- _Given material_:

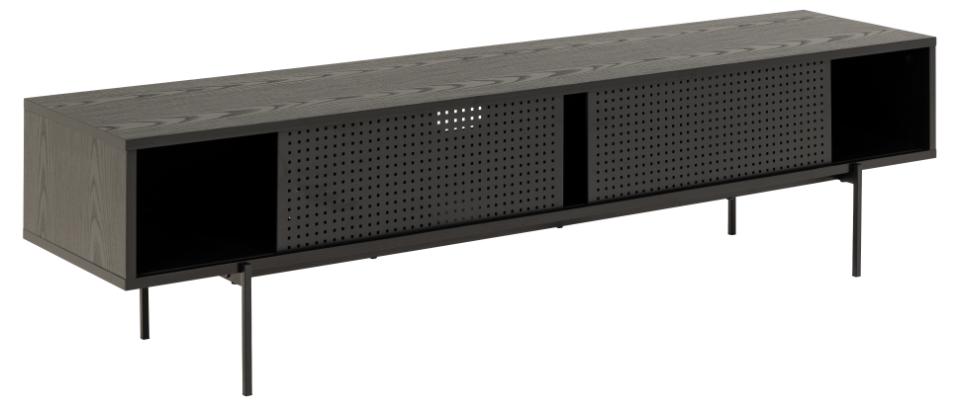 Angus Large TV Cabinet Unit With 2 Sliding Doors In Black 180x40x45cm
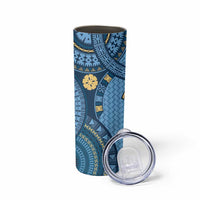 Bula Fiji Vintage Skinny Tumbler Prussian Blue Masi Motifs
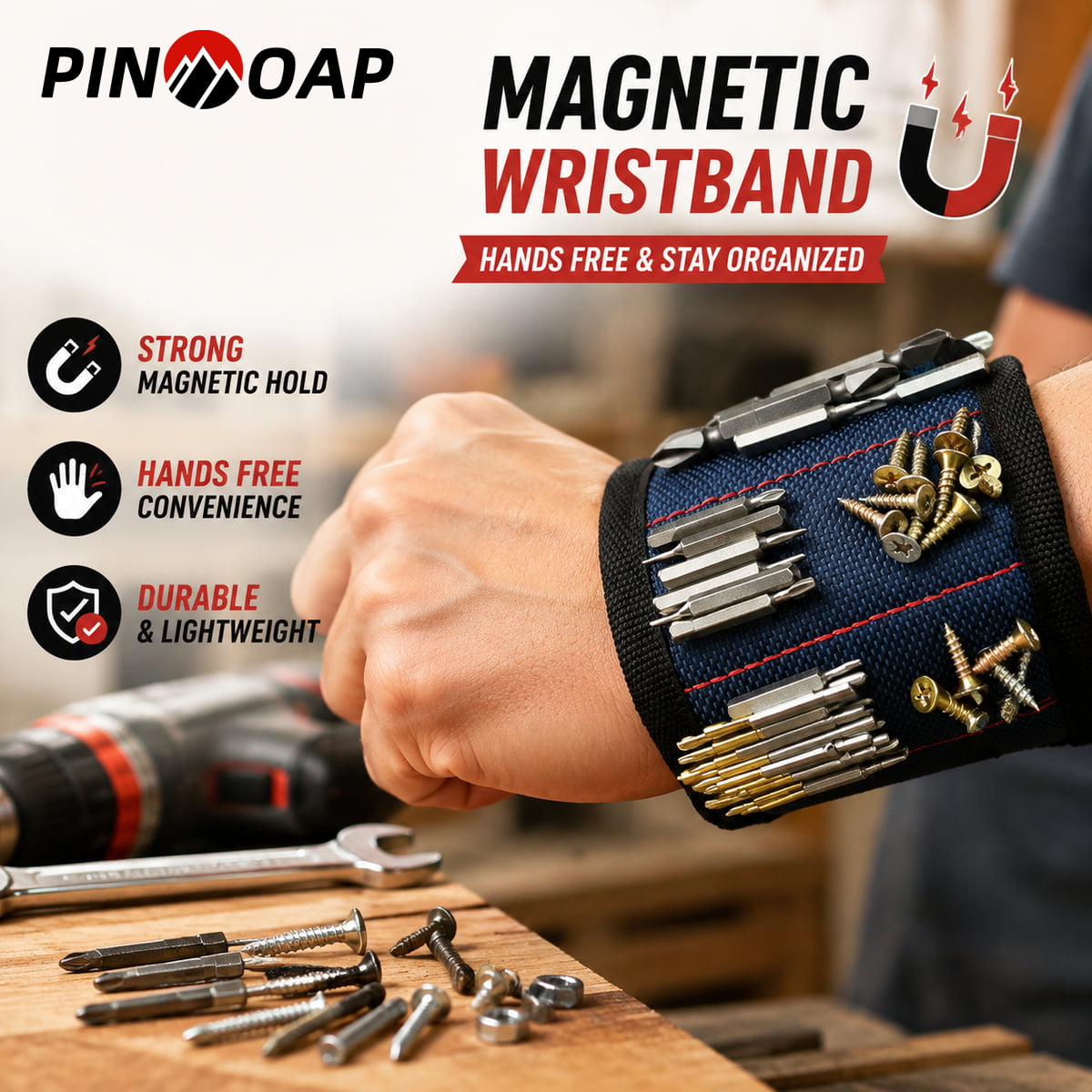 Tools In Electrical Workshop - PINMOAP Bracelet magnétique porte-outils PINMOAP réglable,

- _Activity_:
Would you write out the data exactly, with no pictures in the copy?

- _Exercise output_:
 Angus Large TV Cabinet Unit With 2 Sliding Doors In Black 180x40x45cm
 Bula Fiji Vintage Skinny Tumbler Prussian Blue Masi Motifs
 Tools In Electrical Workshop - PINMOAP Bracelet magnétique porte-outils PINMOAP réglable,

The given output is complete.